[WHAT YOU SHOULD DO] Make an exact copy, without pictures, of the lines below from the one containing "Zeraora — Rivales" to the last line, both ends included.

[INFORMATION GIVEN]
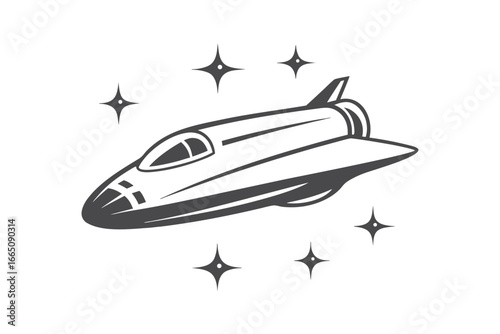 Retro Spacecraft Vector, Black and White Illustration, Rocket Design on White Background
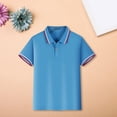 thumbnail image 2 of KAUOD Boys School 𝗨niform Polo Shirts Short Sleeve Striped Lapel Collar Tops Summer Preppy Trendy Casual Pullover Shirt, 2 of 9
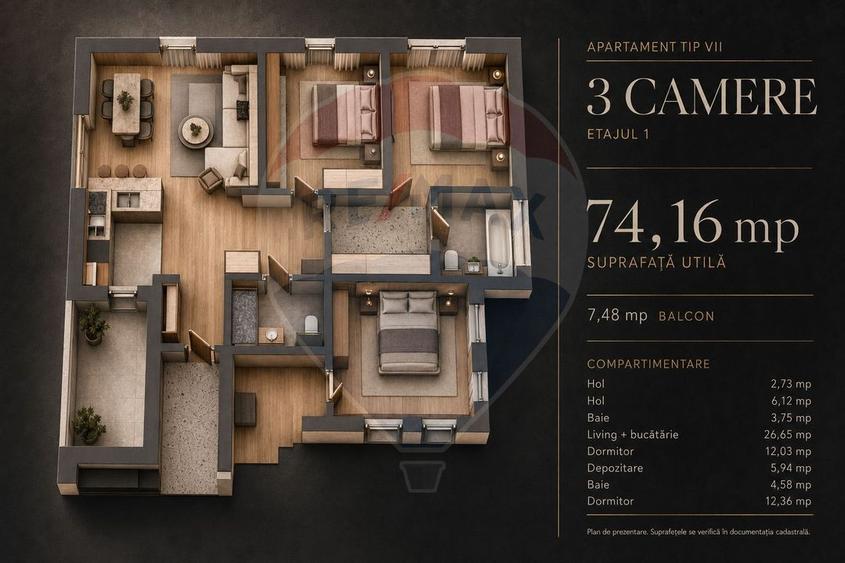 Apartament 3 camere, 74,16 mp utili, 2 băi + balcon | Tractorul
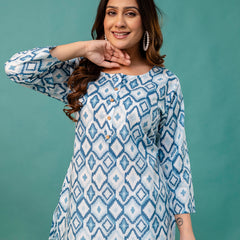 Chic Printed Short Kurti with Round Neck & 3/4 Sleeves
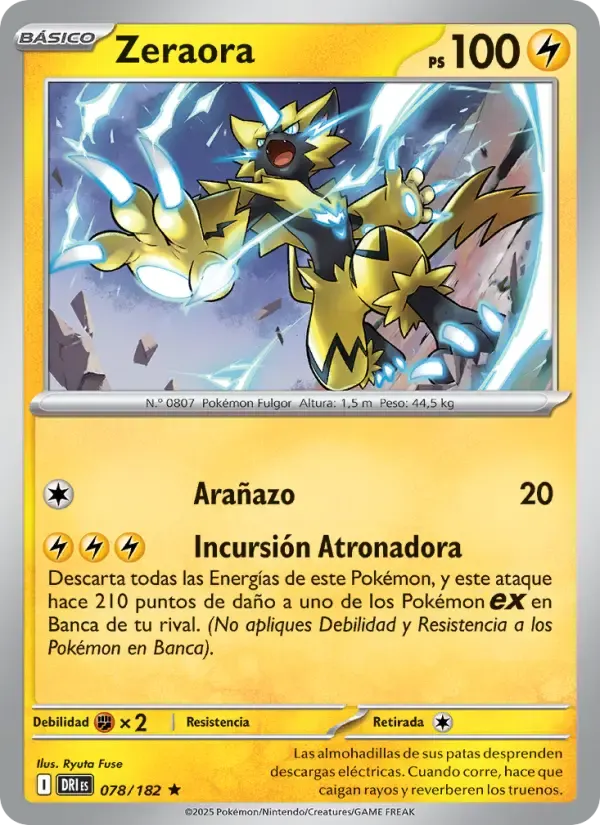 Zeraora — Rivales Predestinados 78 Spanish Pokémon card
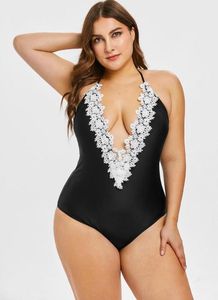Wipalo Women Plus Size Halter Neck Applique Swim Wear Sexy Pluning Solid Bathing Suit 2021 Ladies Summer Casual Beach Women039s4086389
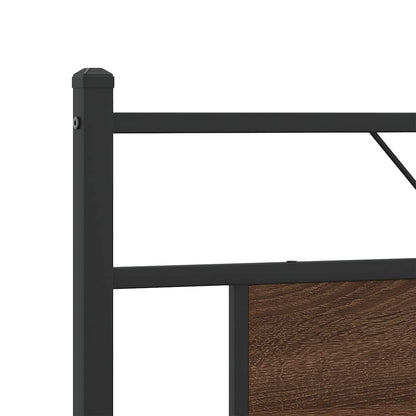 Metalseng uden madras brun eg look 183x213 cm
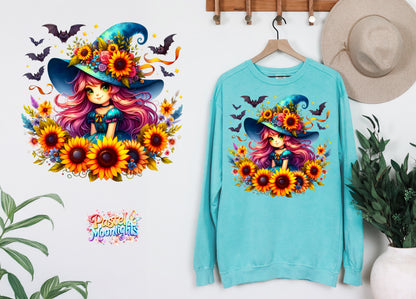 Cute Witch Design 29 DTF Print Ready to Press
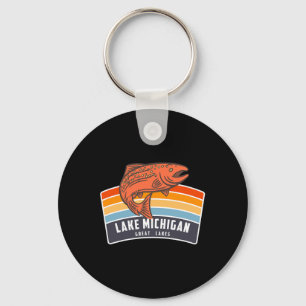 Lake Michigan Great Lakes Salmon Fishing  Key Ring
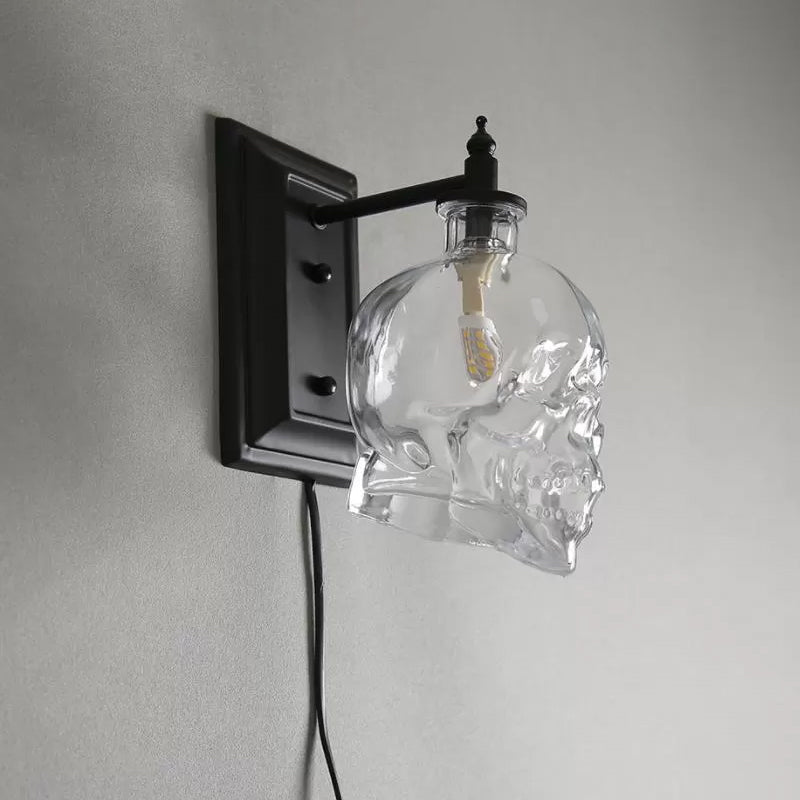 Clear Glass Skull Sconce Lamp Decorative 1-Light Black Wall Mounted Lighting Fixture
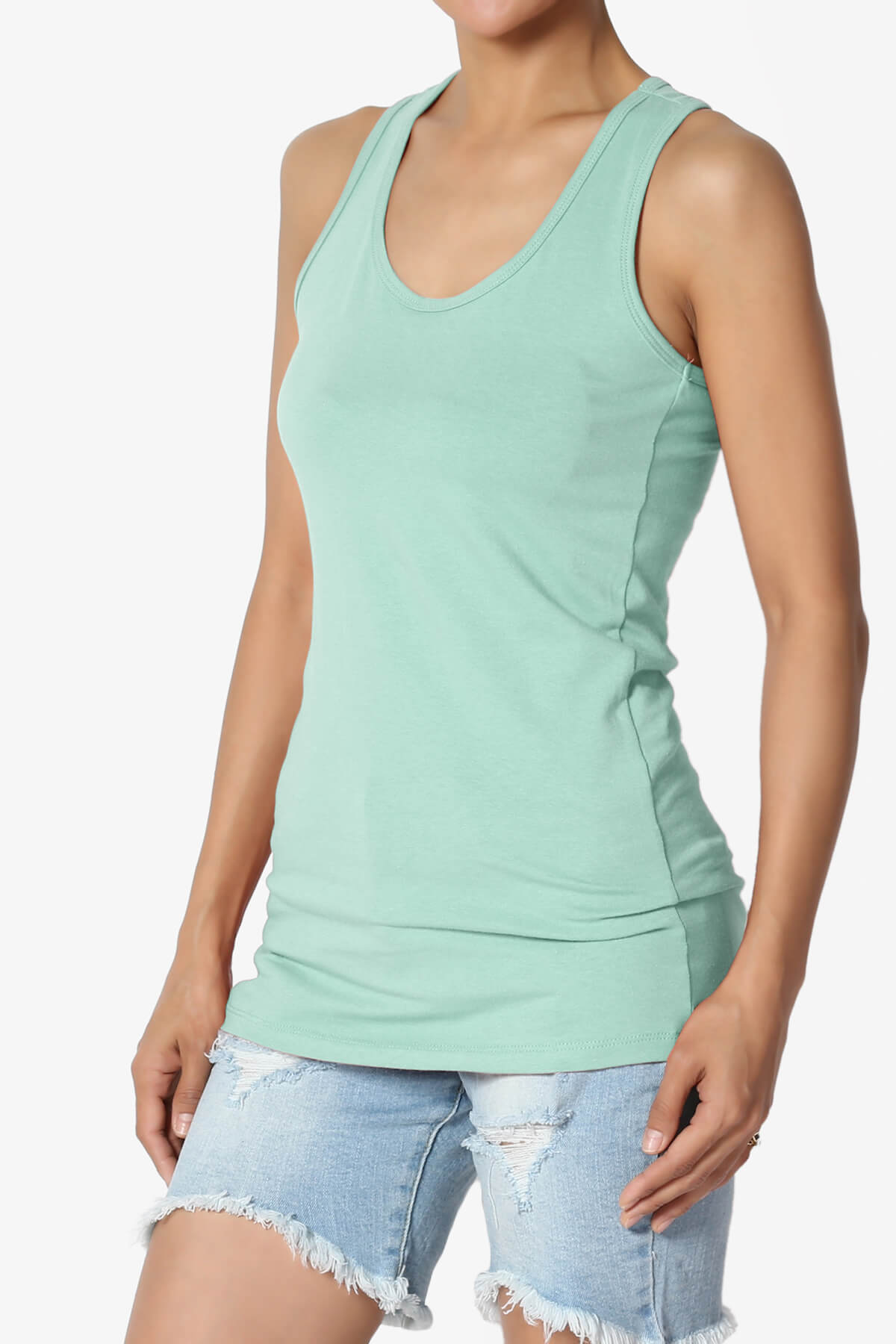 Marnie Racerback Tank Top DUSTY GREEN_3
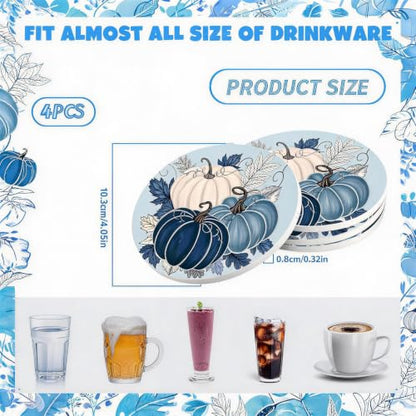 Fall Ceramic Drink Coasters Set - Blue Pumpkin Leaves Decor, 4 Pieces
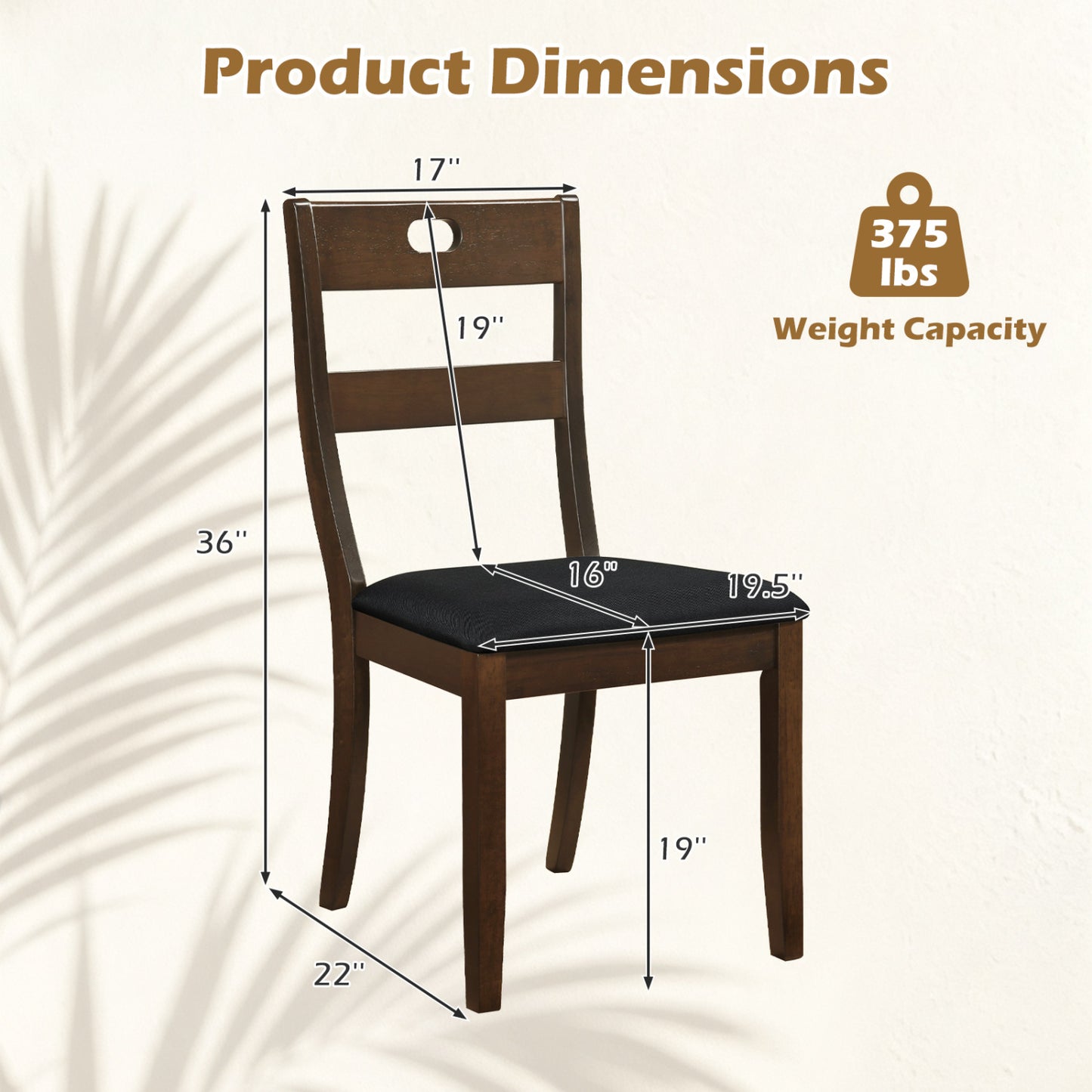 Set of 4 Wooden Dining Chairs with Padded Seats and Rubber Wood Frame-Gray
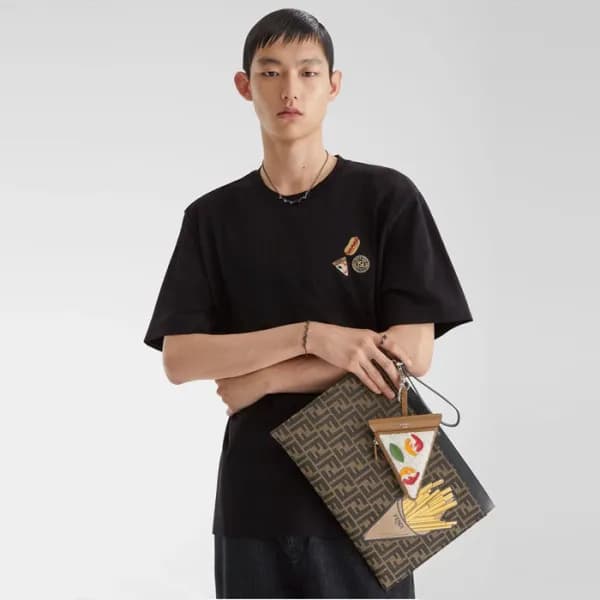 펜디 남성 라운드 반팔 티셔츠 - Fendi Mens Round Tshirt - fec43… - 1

[WRITTEN ANSWER]
 Zeraora — Rivales Predestinados 78 Spanish Pokémon card
Wipalo Women Plus Size Halter Neck Applique Swim Wear Sexy Pluning Solid Bathing Suit 2021 Ladies Summer Casual Beach Women039s4086389
 Metalseng uden madras brun eg look 183x213 cm
 Cute Witch Design 29 DTF Print Ready to Press
 Lake Michigan Great Lakes Salmon Fishing  Key Ring
 Clear Glass Skull Sconce Lamp Decorative 1-Light Black Wall Mounted Lighting Fixture
 Marnie Racerback Tank Top DUSTY GREEN_3
 Fall Ceramic Drink Coasters Set - Blue Pumpkin Leaves Decor, 4 Pieces
 Set of 4 Wooden Dining Chairs with Padded Seats and Rubber Wood Frame-Gray
 펜디 남성 라운드 반팔 티셔츠 - Fendi Mens Round Tshirt - fec43… - 1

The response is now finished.